O novo prefeito do Recife, João da Costa, assumiu o governo municipal na tarde de ontem com a promessa de dar continuidade ao projeto político comandado pelo ex-prefeito João Paulo e de administrar dialogando com todos os setores da sociedade. O petista assinou o termo de posse às 16h49 na Câmara dos Vereadores. De lá, seguiu para a Prefeitura, onde era aguardado pelo governador Eduardo Campos (PSB) e pelo ex-prefeito João Paulo (PT). João da Costa proferiu dois discursos. O primeiro, na Câmara, foi inspirado no poema "Sempre Recife", do educador Paulo Freire, escrito em 1969, em Santiago do Chile, durante o exílio. Numa adaptação livre, como o próprio João da Costa definiu, ele expressou seu amor pela cidade e o compromisso de governar para a maioria e lembrou os governos de Pelópidas da Silveira e de Miguel Arraes.

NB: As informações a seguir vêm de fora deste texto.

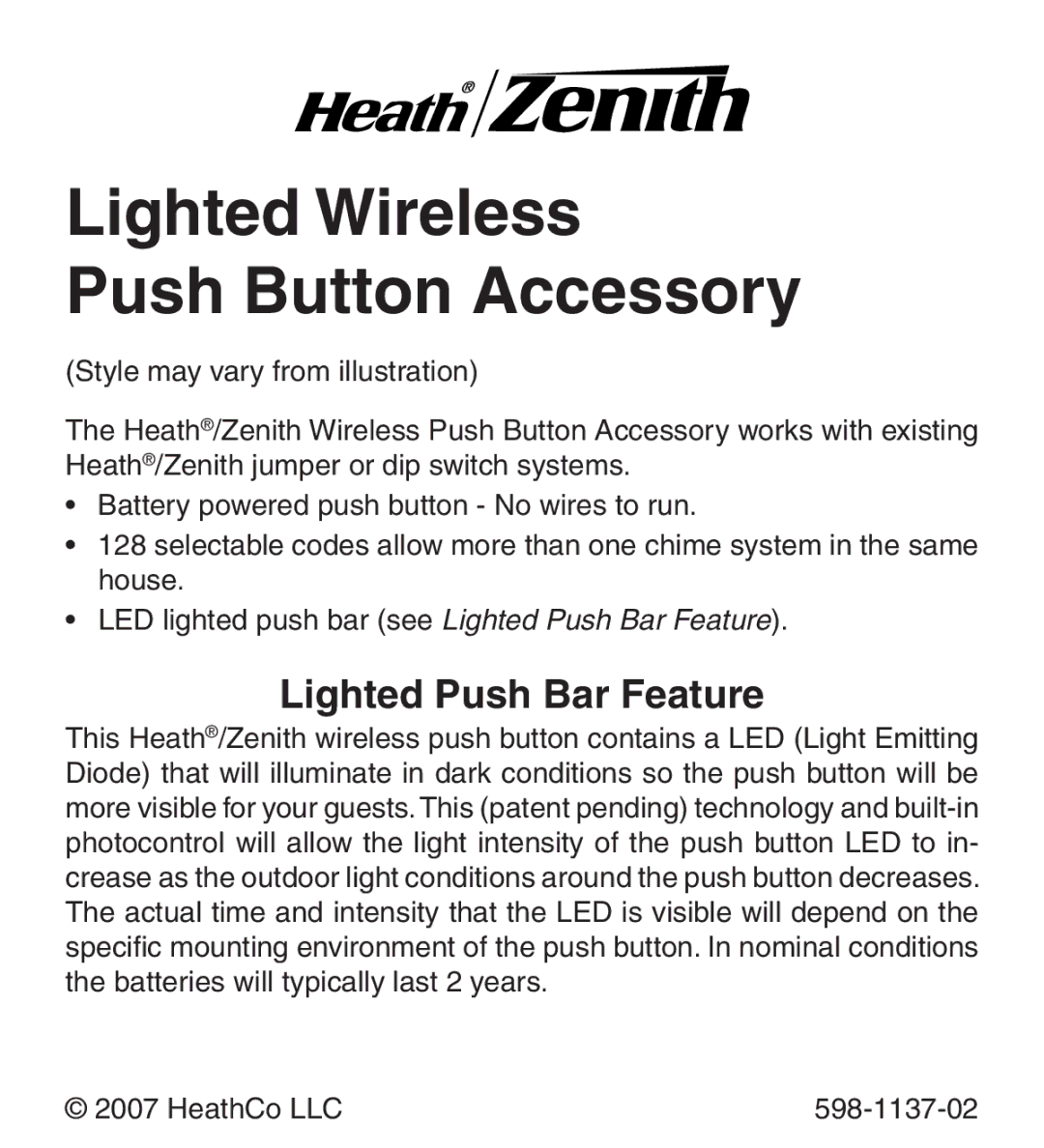 Heath Zenith Lighted Wireless Push Button Accessory manual Lighted Push Bar Feature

"Tenho o compromisso, junto com o companheiro Milton Coelho, de dar continuidade (à obra de Pelópidas, de Miguel Arraes e João Paulo) e de trabalhar aqui no Recife. Não de forma exclusiva, só com quem pensa igual à Frente do Recife. Vamos ouvir todos da sociedade e esperamos, ao ouvir todos, travar um debate democrático sobre projetos, sobre idéias, mas nunca renunciando as nossas bandeiras históricas em defesa da democracia, da incorporação da qualidade de vida de milhares de oprimidos e excluídos da nossa cidade", declarou.
João da Costa também enfatizou a necessidade de transformar o Recife em uma cidade moderna, com um pólo de serviços, que seja âncora do desenvolvimento econômico do estado. Abordagem frequentemente realizada durante a campanha eleitoral. "Vamos construir um projeto econômico que transforme a cidade, mas que tenha como objetivo cuidar dos mais pobres, que gere riqueza, produção, que faça o Recife crescer, mas que passe a incorporar na sua vida cotidiana os milhares de excluídos que muitas vezes não tiveram oportunidade de trabalho e de construir uma vida de qualidade, que lhe desse condição de exercer cidadania plena", discursou.
Na Prefeitura, João da Costa foi mais informal. Falou para uma platéia de mais de 500 pessoas, depois da despedida de João Paulo, que foi bastante aplaudido pelos presentes. João da Costa destacou a formação da identidade cultural do Recife e a importância da cidade nas lutas democráticas. "Só numa cidade com essas características seria possível a gente constituir, ao longo da sua história, uma frente como a Frente do Recife", disse.
Em seguida, ressaltou que poderá enfrentar dificuldades na gestão por causa da proximidade das eleições de 2010. "Setores conservadores da nossa cidade, órfãos de um projeto ideológico e político para esse país, sem formular um projeto para a cidade ou para o estado, vão buscar uma política, muitas vezes, rebaixada o exercício legítimo e democrático da oposição", alfinetou.
O novo prefeito também não esqueceu de homenagear João Paulo. "Minha formação como militante passa pela convivência de mais de 20 anos com esse companheiro. Com ele, aprendi valores fundamentais de pensar política com estratégia, de manter o compromisso inabalável na luta dos trabalhadores e oprimidos, e de saber aproveitar as oportunidades que a nossa luta nos proporcionou (para melhorar a qualidade de vida das pessoas)".